Reflectance of the NIR electromagnetic spectrum (720–1300 nm) depends upon structure of
the mesophyll tissues which reflect as much as 60% of all incident NIR radiation (Campbell,
2002). Spectral vegetation indices such as the normalized-difference vegetation index
[NDVI defined as: (FNIR – FRed)/(FNIR + FRed), where FNIR and FRed are, respectively, the fractions
of emitted NIR and red radiation reflected back from the sensed area] have proved useful
for indirectly obtaining information such as photosynthetic efficiency, productivity potential
and potential yield (Peñuelas et al., 1994; Thenkabail et al., 2000; Raun et al., 2001; BáezGonzález et al., 2002) and have been found sensitive to leaf area index, green biomass
(Peñuelas et al., 1994) and photosynthetic efficiency (Aparicio et al., 2002). A handheld
GreenSeeker optical sensor unit has been used for site-specific N management in rice.

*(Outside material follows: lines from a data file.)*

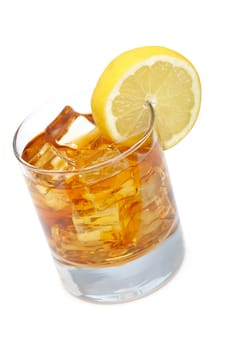 Glass of ice tea with lemon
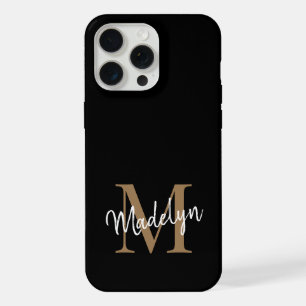 Modern Black Gold Monogram Feminine Script Name iPhone 15 Pro Max Hülle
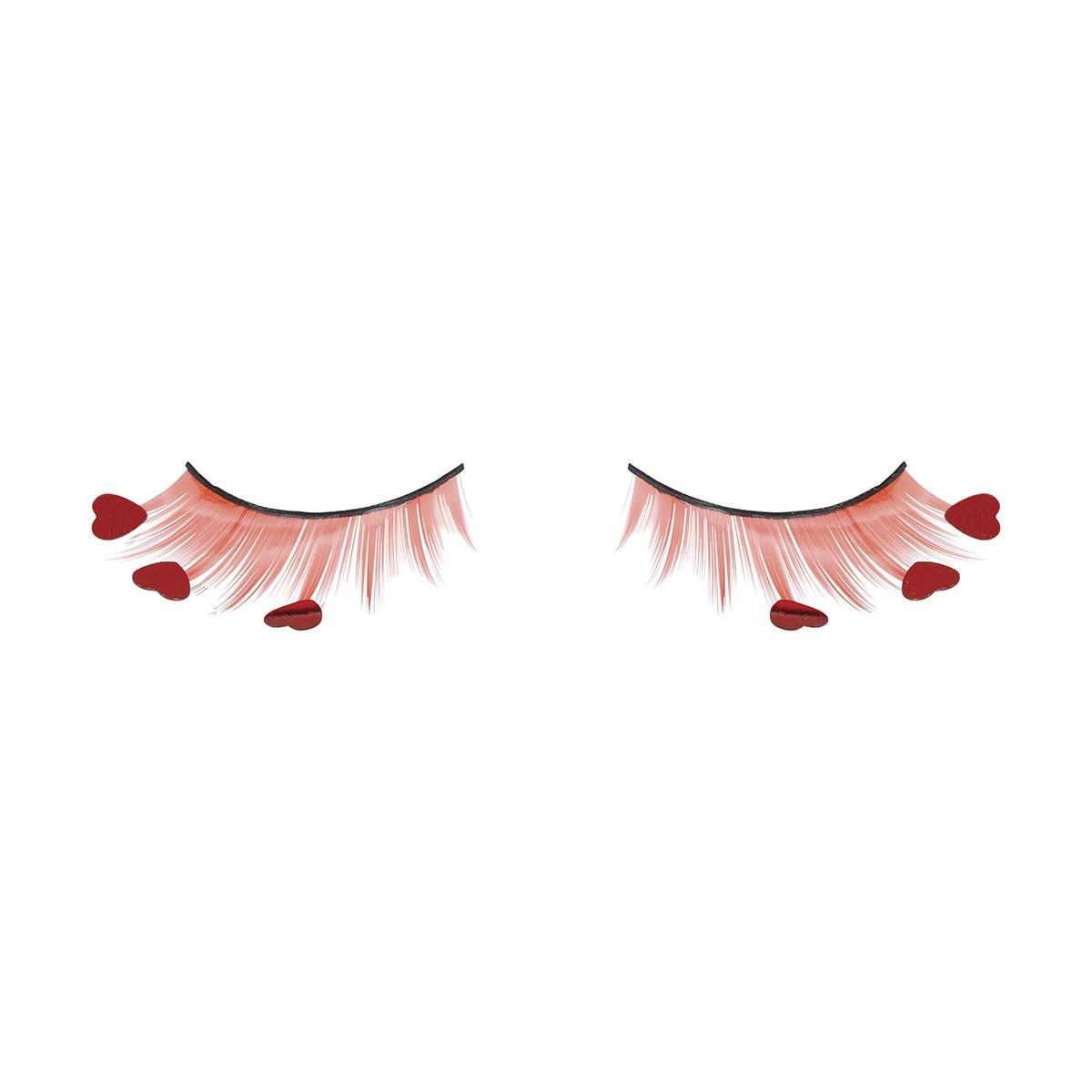 Trucco Ciglia Rosse con Cuori |_962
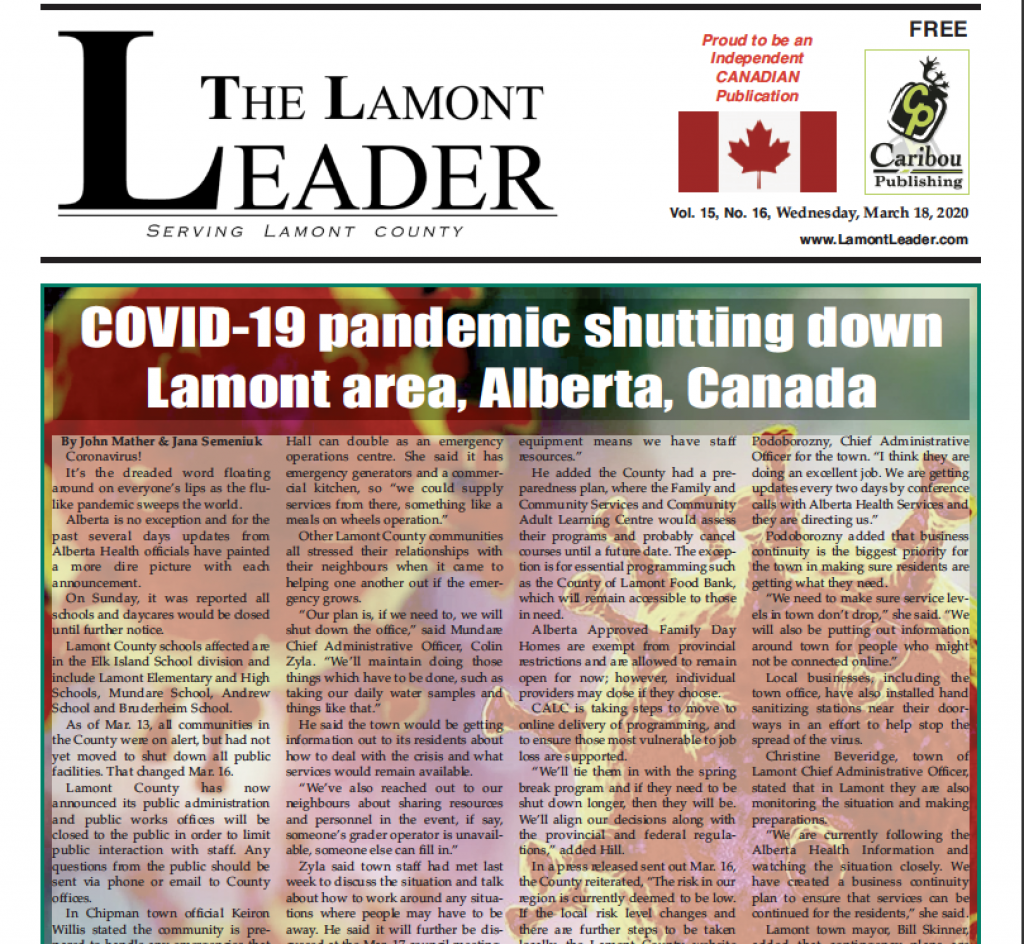 COVID-19 shutdown affecting everyone – read this week’s LEADER here >>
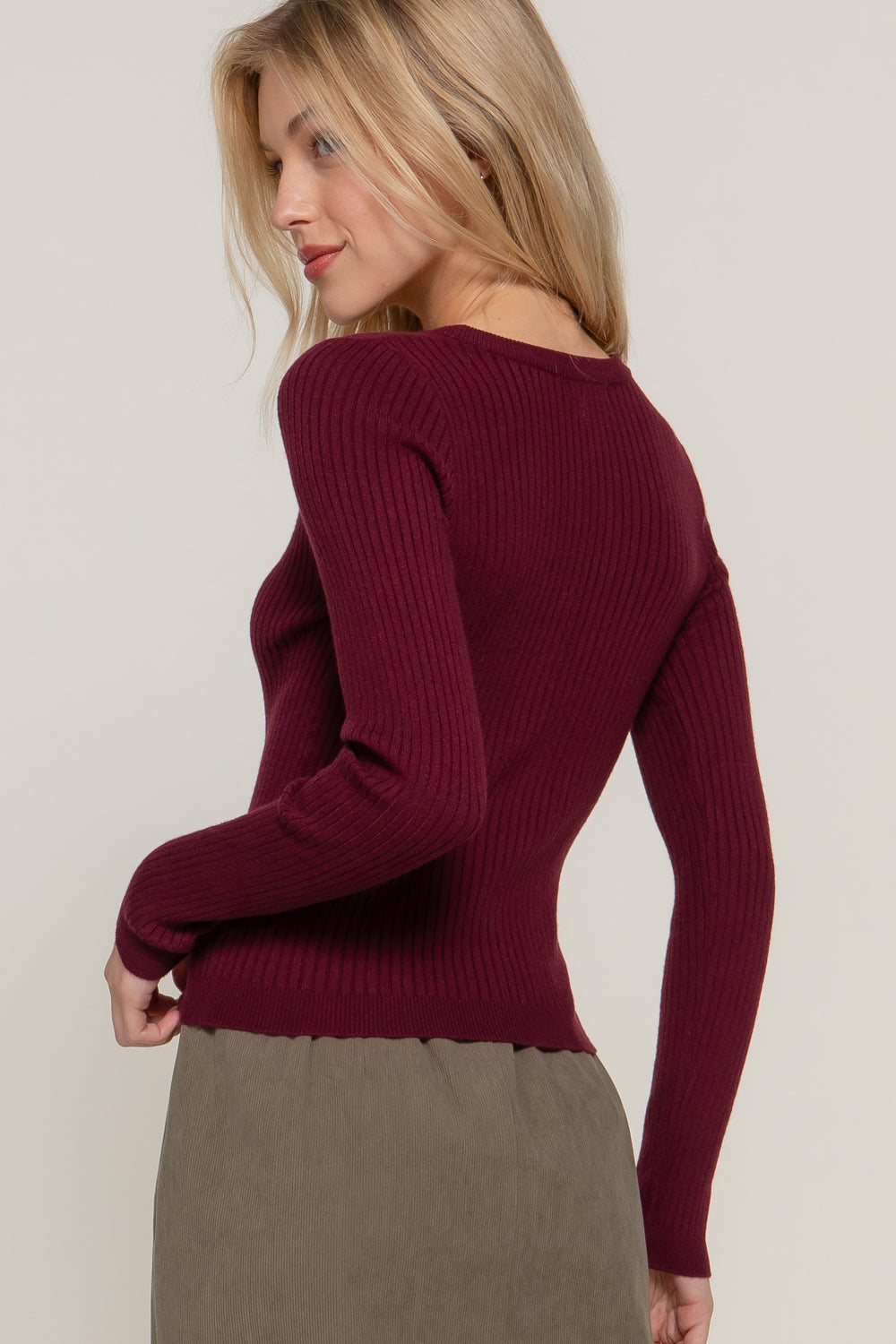 SWEATER ACTIVE VINO PARA DAMA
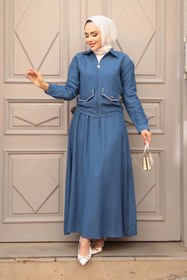 Resim N.S NEVA STYLE Fermuarlı İndigo Mavisi Tesettür Etekli İkili Takım 44751IM 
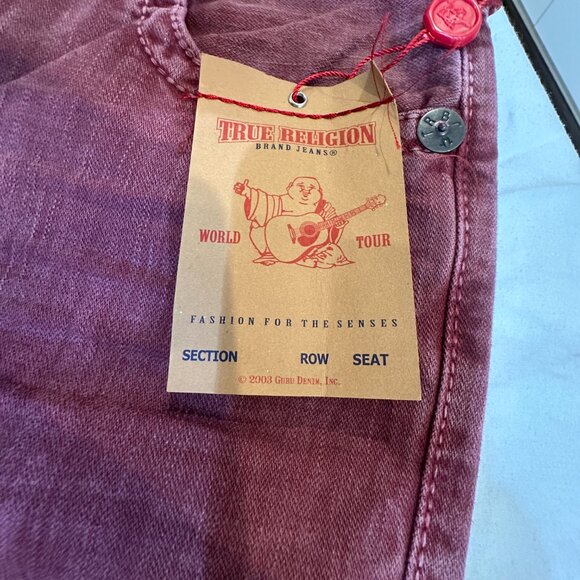 True Religion Ricky Big T Overdye Jeans – Men’s Size 30 – Color: ASSD Crimson - Picture 3 of 9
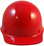 MSA Skullgard Cap Style Hard Hats - Ratchet Suspensions - Red - Front View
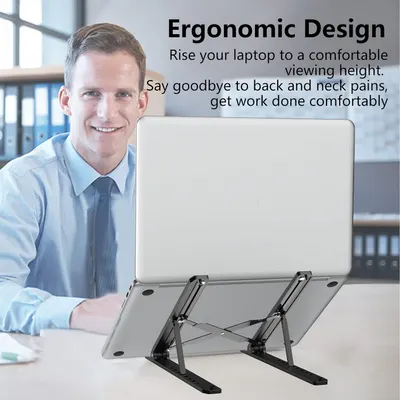 Highlights the ergonomic benefit of raising the laptop to a comfortable viewing height, reducing back and neck pain for improved work comfort.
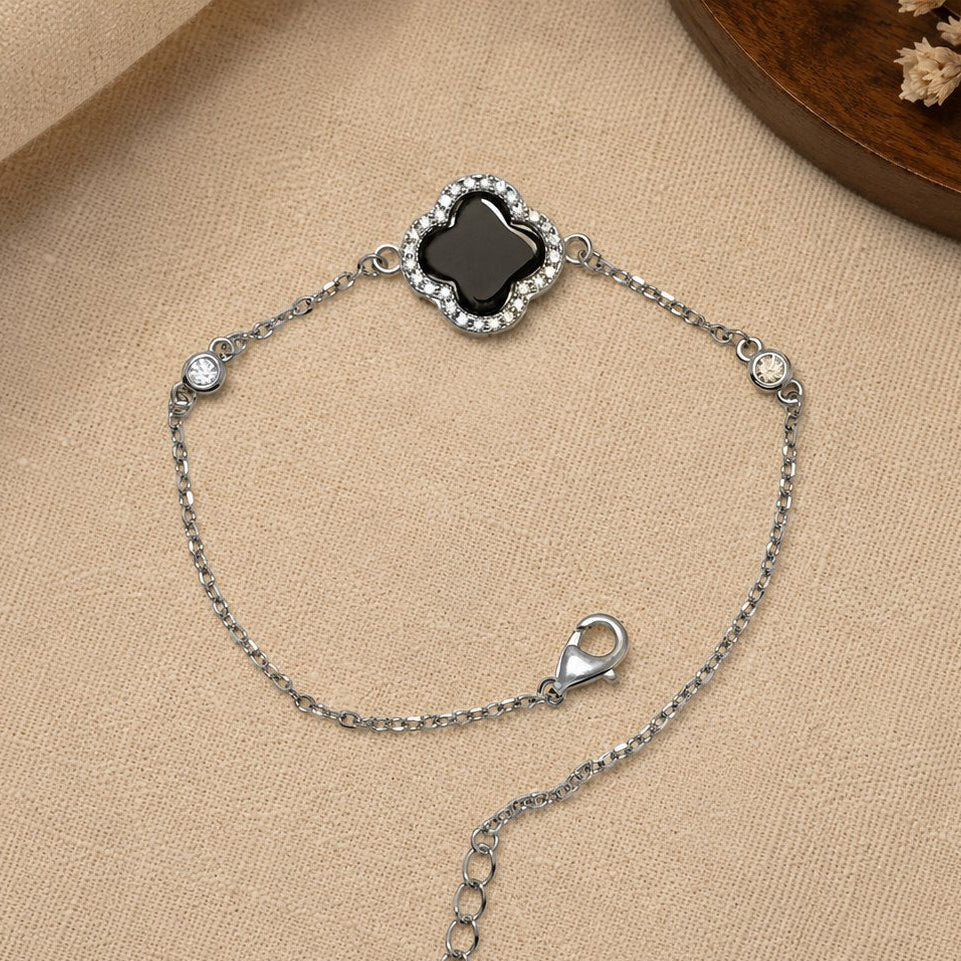 Celestora Onyx Black Clover with Zircon studded Van cliff Bracelet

Several researchers have used mid-season spectral reflectance measurements with
optical/crop canopy sensors to estimate rice growth and N status of rice (Xue et al.,
2004; Nguyen et al., 2006; Bajwa et al., 2010; Ali et al., 2014). Rather than using a critical
NDVI value for recommending fertilizer N, the optical sensor works out the fertilizer N
requirement of the crop on the basis of the difference in N uptake between estimates of
yield potential with no added fertilizer N and with fertilizer N application, and an efficiency
factor. Based on target yield approach and split fertilization approach, Xue et al. (2014)
used GreenSeeker optical sensor for top-dressing N at panicle initiation stage of rice.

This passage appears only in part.